▸ **REQUIREMENT**
For every line in the records below that holds "Circuit", make a copy.

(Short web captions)
-=-=-
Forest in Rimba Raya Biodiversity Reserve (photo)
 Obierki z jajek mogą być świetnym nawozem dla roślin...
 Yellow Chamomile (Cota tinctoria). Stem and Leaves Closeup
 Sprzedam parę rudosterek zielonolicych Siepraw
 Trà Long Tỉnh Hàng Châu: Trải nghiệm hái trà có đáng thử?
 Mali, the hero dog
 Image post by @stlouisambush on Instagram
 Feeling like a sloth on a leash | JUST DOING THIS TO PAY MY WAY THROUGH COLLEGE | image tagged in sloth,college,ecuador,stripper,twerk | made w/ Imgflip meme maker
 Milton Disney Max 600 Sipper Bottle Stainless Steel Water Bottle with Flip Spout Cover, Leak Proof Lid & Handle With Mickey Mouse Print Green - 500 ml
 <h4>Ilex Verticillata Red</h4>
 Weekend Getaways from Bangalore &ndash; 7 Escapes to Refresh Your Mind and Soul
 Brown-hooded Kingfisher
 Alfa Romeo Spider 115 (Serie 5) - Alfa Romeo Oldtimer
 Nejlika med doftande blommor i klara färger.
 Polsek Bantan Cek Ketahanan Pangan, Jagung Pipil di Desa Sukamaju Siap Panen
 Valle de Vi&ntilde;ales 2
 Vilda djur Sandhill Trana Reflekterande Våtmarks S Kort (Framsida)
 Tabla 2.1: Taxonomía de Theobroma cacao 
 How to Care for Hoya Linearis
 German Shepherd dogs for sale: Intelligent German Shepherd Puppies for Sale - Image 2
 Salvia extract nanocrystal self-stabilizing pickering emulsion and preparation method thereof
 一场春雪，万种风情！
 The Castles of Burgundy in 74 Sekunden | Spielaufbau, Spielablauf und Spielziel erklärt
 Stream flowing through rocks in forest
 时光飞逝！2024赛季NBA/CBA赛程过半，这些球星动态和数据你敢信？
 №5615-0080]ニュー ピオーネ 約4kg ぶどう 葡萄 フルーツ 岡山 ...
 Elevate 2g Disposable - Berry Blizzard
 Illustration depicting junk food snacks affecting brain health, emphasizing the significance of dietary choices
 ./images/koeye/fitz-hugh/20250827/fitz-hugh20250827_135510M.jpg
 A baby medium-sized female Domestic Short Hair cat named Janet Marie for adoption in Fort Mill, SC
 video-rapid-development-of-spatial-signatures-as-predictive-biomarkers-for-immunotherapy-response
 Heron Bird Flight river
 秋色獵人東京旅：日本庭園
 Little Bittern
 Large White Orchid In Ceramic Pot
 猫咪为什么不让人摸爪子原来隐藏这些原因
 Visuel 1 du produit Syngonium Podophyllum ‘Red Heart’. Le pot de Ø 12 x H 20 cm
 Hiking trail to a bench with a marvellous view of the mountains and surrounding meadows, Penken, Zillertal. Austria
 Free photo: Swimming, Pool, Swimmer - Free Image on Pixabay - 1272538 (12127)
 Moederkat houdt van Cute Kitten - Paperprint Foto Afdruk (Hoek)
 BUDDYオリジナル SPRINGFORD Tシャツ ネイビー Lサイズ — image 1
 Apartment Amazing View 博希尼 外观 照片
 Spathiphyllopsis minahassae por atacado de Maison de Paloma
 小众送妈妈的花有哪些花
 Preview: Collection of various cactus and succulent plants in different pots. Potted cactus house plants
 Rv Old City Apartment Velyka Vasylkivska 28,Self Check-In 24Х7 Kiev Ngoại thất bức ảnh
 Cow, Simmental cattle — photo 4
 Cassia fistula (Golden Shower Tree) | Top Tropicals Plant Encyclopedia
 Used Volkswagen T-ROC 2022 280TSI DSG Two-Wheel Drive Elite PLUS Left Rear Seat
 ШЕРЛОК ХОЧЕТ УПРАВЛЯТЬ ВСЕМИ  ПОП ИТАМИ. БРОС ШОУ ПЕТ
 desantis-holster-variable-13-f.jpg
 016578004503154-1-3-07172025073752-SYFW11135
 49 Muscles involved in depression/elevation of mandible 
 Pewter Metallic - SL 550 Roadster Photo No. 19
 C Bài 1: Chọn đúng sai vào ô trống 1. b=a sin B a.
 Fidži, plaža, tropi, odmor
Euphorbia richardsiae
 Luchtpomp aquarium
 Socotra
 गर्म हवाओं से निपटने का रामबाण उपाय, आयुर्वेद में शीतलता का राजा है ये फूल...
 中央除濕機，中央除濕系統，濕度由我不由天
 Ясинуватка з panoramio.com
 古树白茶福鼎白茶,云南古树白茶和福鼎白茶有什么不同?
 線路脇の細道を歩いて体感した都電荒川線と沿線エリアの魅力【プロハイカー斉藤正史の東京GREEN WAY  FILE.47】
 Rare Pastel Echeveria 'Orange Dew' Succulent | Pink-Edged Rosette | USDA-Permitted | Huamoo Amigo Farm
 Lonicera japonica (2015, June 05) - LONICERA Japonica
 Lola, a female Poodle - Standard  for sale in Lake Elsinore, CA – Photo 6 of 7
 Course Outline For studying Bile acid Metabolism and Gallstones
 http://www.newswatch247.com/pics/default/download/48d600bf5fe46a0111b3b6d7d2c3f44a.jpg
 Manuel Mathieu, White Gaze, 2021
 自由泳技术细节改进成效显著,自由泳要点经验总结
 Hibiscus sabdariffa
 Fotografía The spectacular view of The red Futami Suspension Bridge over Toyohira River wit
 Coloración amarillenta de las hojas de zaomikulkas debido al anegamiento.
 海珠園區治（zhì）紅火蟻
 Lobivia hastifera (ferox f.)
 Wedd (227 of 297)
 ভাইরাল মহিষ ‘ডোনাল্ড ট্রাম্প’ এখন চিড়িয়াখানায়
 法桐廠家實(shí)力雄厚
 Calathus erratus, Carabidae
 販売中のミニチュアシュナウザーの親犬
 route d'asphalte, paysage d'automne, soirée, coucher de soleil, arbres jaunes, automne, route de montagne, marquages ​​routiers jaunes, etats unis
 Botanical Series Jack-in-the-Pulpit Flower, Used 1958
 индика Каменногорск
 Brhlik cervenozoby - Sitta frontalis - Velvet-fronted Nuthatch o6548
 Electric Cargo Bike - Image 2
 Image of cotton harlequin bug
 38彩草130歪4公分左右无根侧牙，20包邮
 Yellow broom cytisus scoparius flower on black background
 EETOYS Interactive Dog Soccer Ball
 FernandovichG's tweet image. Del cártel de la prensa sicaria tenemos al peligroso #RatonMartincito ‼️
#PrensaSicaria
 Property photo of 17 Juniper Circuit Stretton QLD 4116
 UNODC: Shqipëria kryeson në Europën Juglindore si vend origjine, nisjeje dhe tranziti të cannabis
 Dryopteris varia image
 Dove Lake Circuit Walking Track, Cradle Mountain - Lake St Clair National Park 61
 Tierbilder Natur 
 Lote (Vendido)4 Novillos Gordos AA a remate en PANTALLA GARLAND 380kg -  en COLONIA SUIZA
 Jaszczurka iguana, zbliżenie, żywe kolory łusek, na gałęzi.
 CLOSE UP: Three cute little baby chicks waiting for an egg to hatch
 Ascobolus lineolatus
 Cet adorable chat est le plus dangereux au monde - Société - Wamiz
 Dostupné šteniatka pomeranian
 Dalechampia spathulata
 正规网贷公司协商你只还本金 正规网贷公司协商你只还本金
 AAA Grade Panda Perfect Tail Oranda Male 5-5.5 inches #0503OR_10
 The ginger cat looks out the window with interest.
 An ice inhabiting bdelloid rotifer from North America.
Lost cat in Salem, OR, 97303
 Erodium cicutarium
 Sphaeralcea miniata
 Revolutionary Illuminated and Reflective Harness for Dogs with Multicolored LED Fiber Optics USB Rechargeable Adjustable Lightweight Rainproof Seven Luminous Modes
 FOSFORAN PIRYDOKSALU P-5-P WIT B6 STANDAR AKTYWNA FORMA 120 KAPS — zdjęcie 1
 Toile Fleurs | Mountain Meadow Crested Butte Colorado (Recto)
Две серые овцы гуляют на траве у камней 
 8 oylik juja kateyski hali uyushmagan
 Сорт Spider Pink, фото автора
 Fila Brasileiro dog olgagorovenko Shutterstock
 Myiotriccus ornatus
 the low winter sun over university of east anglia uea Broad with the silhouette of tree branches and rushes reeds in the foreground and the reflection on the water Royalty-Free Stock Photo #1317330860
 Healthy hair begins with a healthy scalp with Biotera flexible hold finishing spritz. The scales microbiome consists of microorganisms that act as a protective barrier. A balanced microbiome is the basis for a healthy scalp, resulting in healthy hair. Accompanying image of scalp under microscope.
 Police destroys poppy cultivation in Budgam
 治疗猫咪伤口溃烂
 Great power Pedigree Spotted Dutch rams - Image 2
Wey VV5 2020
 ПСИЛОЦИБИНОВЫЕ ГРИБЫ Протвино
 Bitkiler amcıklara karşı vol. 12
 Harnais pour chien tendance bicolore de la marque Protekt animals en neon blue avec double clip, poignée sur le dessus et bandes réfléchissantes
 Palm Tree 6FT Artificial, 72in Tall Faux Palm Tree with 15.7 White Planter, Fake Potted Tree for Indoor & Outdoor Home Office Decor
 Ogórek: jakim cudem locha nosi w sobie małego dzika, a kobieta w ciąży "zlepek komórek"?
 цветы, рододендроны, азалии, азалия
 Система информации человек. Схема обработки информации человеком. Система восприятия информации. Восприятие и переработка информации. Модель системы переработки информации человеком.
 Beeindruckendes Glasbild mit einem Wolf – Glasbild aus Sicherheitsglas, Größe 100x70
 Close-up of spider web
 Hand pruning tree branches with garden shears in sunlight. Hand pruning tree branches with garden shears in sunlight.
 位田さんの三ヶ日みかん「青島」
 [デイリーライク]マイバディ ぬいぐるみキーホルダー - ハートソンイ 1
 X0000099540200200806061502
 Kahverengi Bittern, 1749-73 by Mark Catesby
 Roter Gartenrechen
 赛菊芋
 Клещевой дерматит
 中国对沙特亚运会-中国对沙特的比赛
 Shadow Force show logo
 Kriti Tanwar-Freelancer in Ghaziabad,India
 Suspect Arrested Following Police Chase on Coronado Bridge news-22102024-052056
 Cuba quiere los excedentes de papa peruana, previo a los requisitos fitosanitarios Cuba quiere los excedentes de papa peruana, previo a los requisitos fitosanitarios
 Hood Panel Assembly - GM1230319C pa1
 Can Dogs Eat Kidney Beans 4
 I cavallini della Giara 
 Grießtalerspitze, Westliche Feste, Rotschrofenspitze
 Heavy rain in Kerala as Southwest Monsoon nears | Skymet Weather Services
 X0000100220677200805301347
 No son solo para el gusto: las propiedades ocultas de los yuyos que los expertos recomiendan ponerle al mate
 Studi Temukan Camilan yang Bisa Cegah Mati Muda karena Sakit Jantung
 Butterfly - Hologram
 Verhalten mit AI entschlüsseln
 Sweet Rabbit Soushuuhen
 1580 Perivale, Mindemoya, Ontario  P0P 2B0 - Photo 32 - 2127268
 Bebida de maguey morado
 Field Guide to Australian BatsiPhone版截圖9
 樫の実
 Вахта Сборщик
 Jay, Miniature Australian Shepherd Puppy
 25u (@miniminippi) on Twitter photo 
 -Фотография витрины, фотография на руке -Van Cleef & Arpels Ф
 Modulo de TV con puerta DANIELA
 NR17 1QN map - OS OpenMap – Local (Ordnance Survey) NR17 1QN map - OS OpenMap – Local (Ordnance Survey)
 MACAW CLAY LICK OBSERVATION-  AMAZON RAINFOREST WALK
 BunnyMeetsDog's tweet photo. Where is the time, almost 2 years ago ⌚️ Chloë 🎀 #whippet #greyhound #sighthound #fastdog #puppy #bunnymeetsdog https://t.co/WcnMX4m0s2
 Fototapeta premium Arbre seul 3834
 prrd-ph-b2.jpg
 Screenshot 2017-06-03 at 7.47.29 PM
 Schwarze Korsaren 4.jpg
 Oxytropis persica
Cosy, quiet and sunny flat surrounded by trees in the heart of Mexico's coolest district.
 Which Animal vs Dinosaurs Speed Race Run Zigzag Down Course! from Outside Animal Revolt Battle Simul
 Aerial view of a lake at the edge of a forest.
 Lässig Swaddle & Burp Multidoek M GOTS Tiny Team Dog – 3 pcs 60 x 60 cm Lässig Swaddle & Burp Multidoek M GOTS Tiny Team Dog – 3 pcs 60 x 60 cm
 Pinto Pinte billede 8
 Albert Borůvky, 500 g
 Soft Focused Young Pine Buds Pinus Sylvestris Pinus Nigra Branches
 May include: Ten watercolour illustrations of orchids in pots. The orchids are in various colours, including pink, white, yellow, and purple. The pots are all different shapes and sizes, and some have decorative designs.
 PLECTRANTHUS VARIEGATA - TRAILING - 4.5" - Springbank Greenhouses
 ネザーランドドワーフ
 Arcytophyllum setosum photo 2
-=-=-
▸ **RESPONSE BOX**
 Property photo of 17 Juniper Circuit Stretton QLD 4116
 Dove Lake Circuit Walking Track, Cradle Mountain - Lake St Clair National Park 61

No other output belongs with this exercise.